This time it's Thailand, Laos, Cambodia and parts north, but it really doesn't matter where. The important part is taken care of. I can already myself slipping into travel mode, where you can't control anything and it's no big deal. My bags didn't make it, and everything was closed when the cab dropped me off on Khoa San road at 3:30 this morning, but no worries. Life's about to get good, and small things like that don't seem to carry as much weight over here.

Besides, the best red curry in the world is only twenty paces away. I'm'a gonna get me some.


Tonsai beach, Krabi, Thailand.    January 16, 2004
Guy on the beach


I spent the better half of last week in a pitched battle for control of my belly. I escalated to antibiotics, and came out the victor. Got back on the rock yesterday and today I was finally starting to hit stride.
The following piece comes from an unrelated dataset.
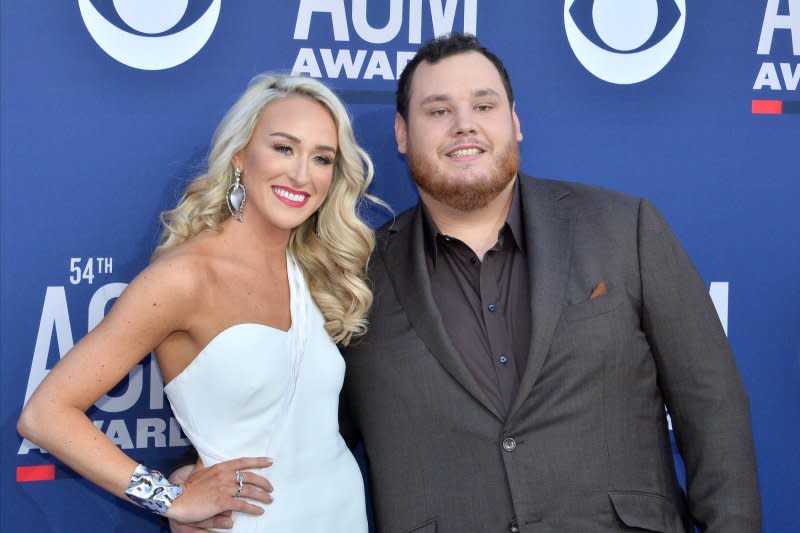 Luke Combs (R) and Nicole Hocking attend the Academy of Country Music Awards in 2019. File Photo by Jim Ruymen/UPI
Got a 7a and worked out a new sequence for a tough 7b that I squeaked by on last time I was here. That's .11d and .12b for the non-french.

But none of that will matter soon, as I am about to become a huge movie star in Thailand! I was sitting in a cafe on the beach, reading a book and toying with the remains of my pad thai this afternoon, when a couple thai girls came up and asked if I'd like to be in a ice cream commercial. But of course. Why else would I be waiting here?

They took a bunch of photos and videotaped me walking up to the camera and smiling and talking about how much I enjoyed partying on the beach and eating ice cream. It was hilarious. Anyway, if I make the cut, they'll ship me and fifteen other superficial looking farang off to some beach in Trang provence for a week. There's even some baht in the deal.

So yeah, that's my story for the day. I'll keep you posted on my soon to be illustrious career as an actor!


Krabi, Thailand.    January 26, 2004
book.
To our poor kid Ethan, who actually wanted to come out, but put too much faith in the motivation of his friends.


As I can sense the impending weenie excuse, I'll leave you with a theory I've developed about travelling: Your friends don't actually want to go.

They'll say the do, and may even believe it themselves after enough talk and a few beers, but as the date draws near and it's time to drop real money on tickets, the excuses will inevitably come out. The only solution I've found is to always plan to go alone. Prepare for the off chance that maybe somebody will actually decide to come along for a while, but never count on it.

If you really want to go travelling, the best thing you can do is book a ticket today. That may actually spur one of these tossers off the fence, but that's not your concern. It is all good here. Get your ass on a plane.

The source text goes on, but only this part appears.